* **GIVEN ENTRIES**
+--

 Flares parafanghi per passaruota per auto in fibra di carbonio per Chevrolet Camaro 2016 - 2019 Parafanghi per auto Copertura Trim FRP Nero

+--

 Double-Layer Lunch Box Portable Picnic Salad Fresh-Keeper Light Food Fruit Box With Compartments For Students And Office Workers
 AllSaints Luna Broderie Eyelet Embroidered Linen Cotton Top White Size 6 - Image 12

+--

* **EXERCISE AIM**
Please give back exactly the lines of this listing beginning at the line with "Double-Layer Lunch Box" and ending with the line with "AllSaints Luna Broderie", both included, and nothing else.

* **EXPECTED ANSWER**
 Double-Layer Lunch Box Portable Picnic Salad Fresh-Keeper Light Food Fruit Box With Compartments For Students And Office Workers
 AllSaints Luna Broderie Eyelet Embroidered Linen Cotton Top White Size 6 - Image 12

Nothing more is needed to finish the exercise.